**DATA BLOCK:**
________________________________________

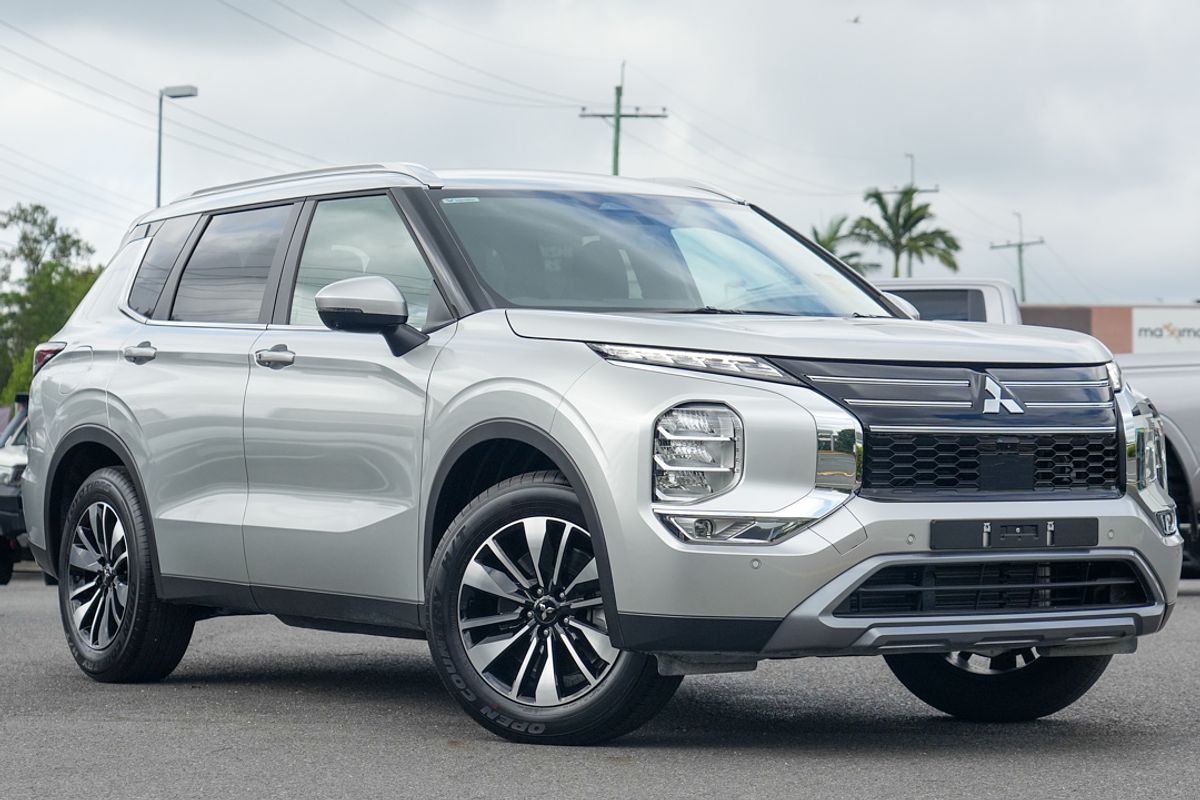 2025 Mitsubishi Outlander LS ZM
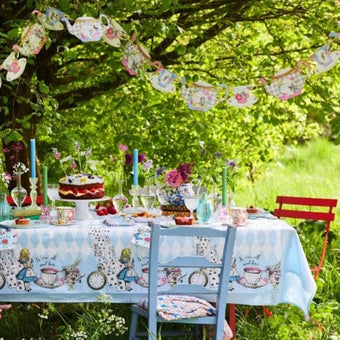 Alice in Wonderland Teapots and Teacups Bunting I Alice Party Supplies I My Dream Party Shop UK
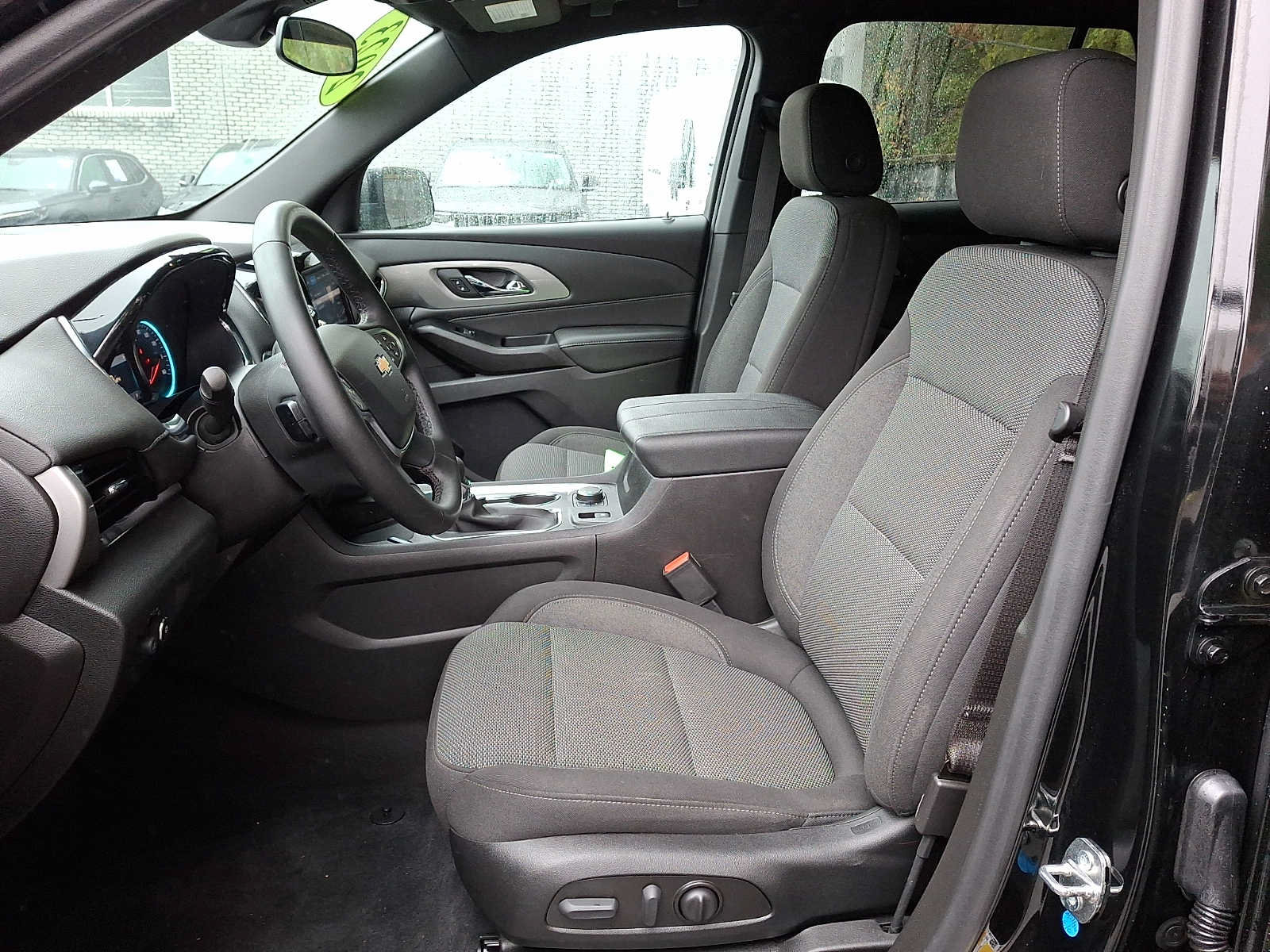 Used 2023 Chevrolet Traverse LT AWD/4WD image 11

________________________________________

**TO DO:** Every line above should be returned word for word, with the pictures left behind.

**WRITTEN RESPONSE:**
 2025 Mitsubishi Outlander LS ZM
 Alice in Wonderland Teapots and Teacups Bunting I Alice Party Supplies I My Dream Party Shop UK
 Used 2023 Chevrolet Traverse LT AWD/4WD image 11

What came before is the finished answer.